BEGIN Source material

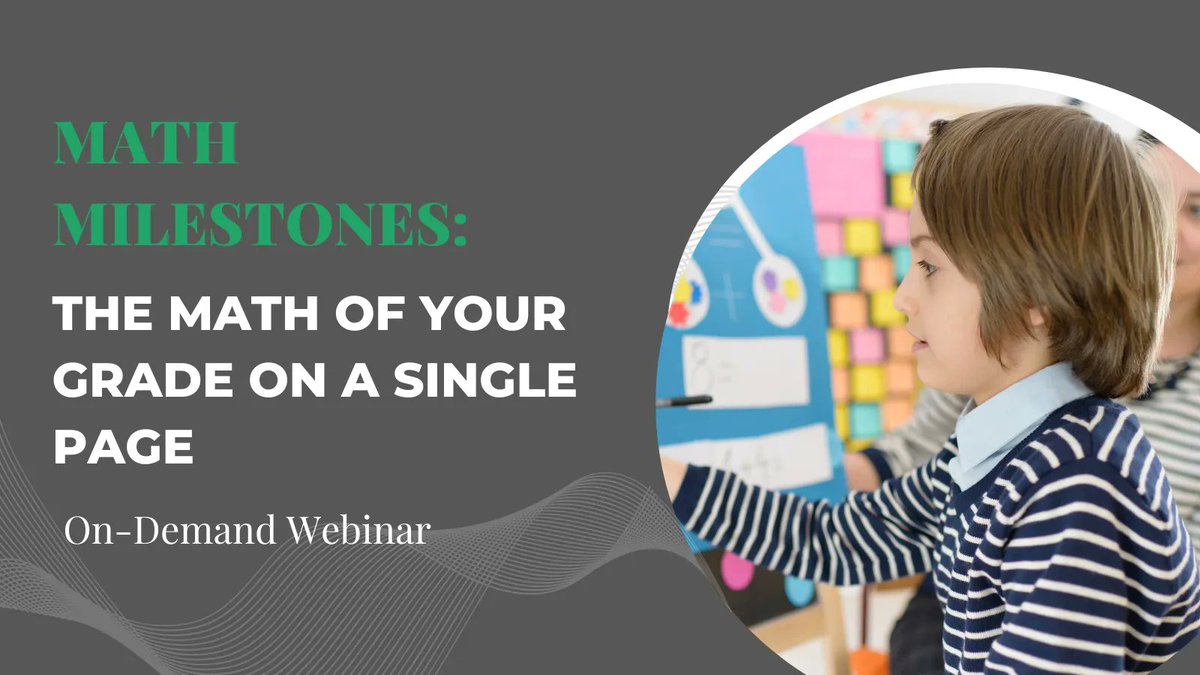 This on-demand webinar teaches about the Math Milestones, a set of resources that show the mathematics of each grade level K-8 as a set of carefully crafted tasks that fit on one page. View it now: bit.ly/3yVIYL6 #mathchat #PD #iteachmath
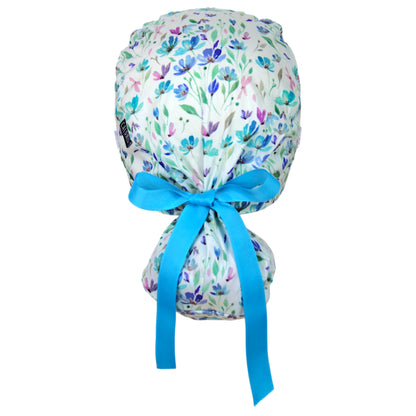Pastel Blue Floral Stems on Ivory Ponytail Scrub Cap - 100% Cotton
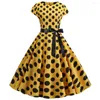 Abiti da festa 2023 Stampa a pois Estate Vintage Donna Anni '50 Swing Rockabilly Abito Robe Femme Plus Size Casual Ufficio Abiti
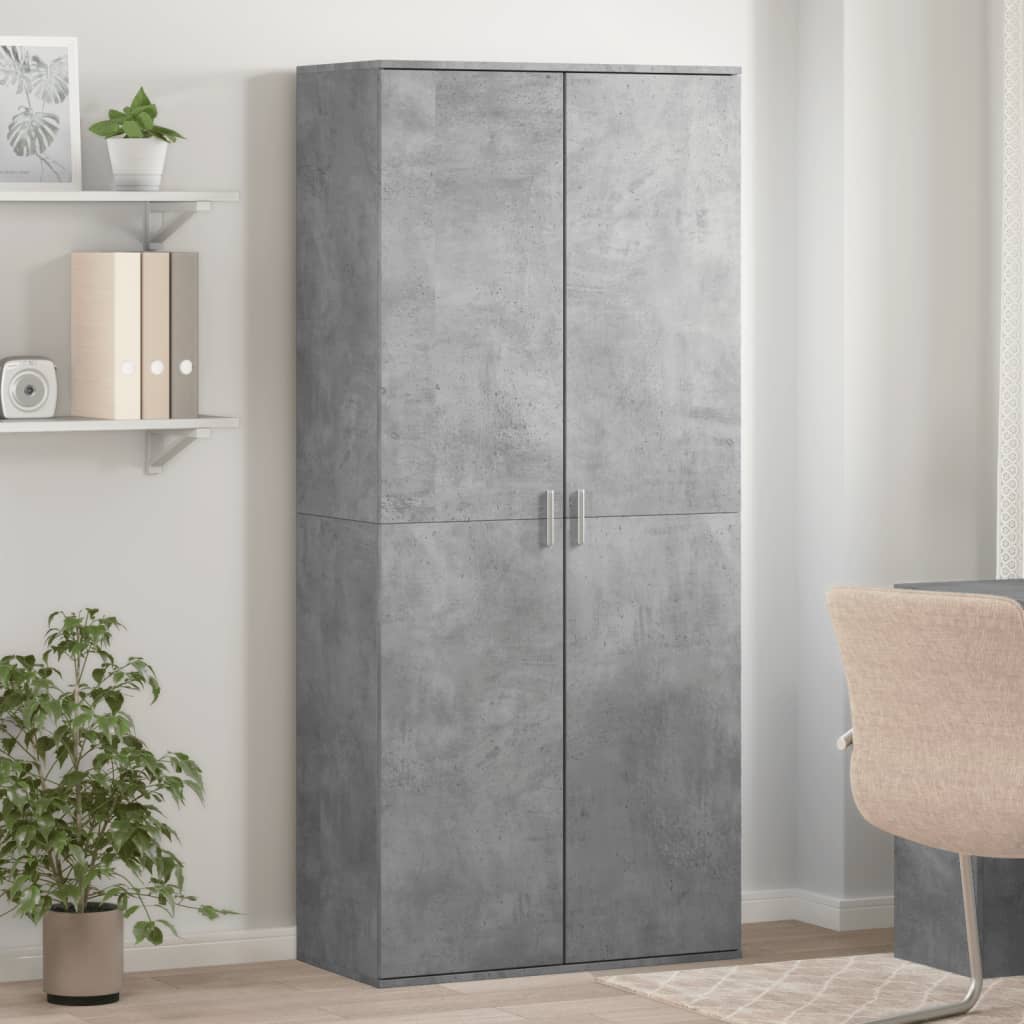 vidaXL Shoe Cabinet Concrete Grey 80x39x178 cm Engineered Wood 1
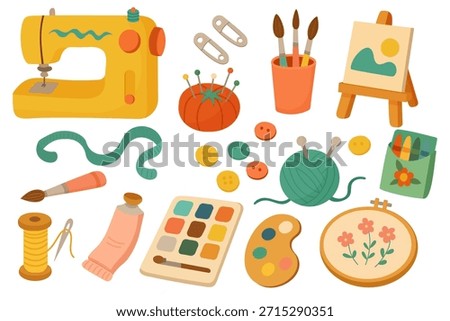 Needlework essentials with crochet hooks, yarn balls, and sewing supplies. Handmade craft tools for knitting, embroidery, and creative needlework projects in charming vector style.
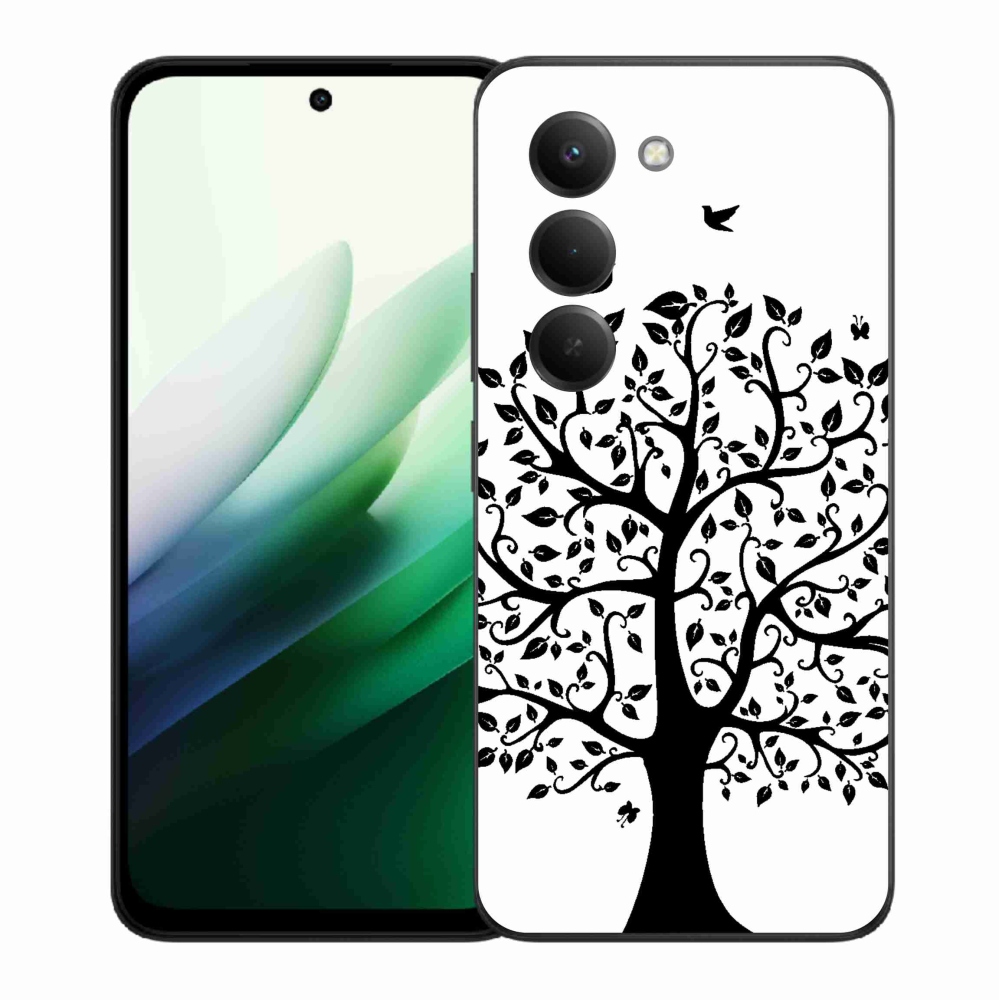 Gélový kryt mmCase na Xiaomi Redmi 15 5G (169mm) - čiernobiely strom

END Source material
BEGIN Source material

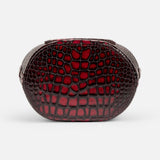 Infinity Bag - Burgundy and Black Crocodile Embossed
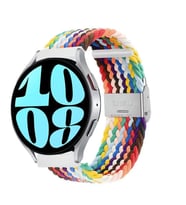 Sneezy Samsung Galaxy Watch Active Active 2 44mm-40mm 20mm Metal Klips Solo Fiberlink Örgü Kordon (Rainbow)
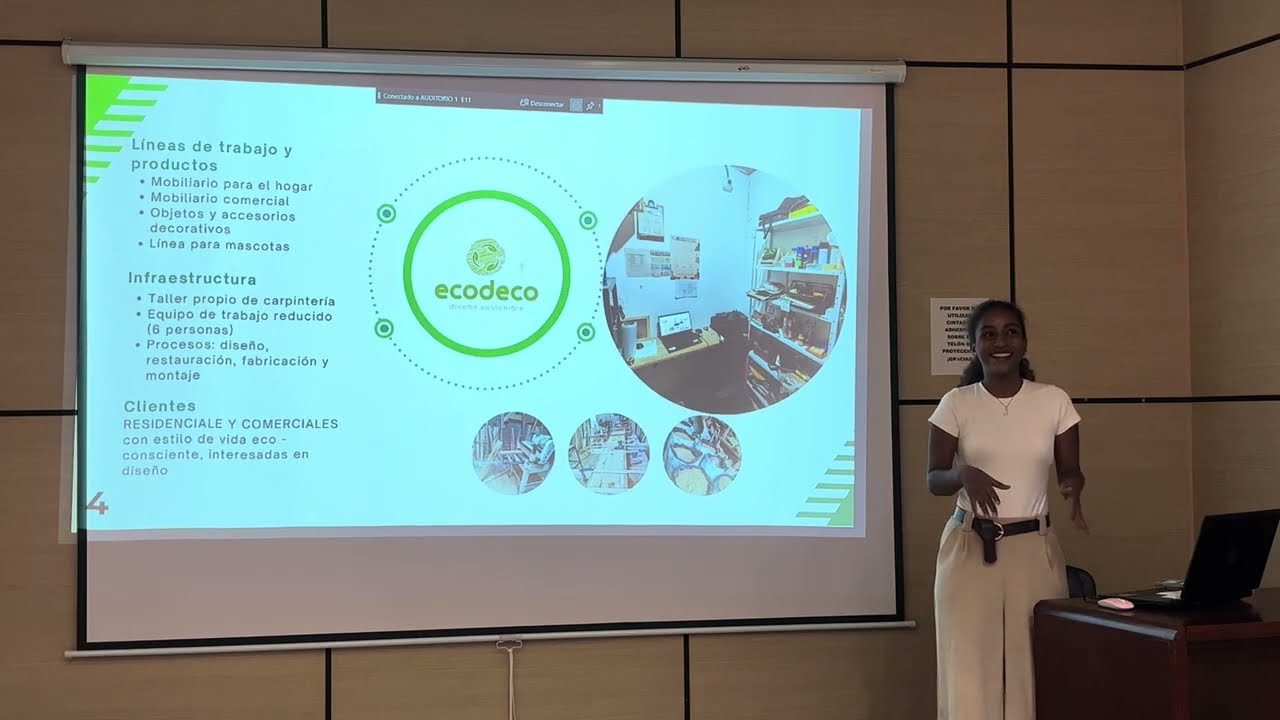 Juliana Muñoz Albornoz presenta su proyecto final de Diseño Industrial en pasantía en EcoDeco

END Source material

An exact copy is needed of the entries above, starting at the line that holds "Needlework essentials with" and stopping at the line that holds "Gélový kryt mmCase", both kept; pictures stay out.

### [Your response]
 Needlework essentials with crochet hooks, yarn balls, and sewing supplies. Handmade craft tools for knitting, embroidery, and creative needlework projects in charming vector style.
 Gélový kryt mmCase na Xiaomi Redmi 15 5G (169mm) - čiernobiely strom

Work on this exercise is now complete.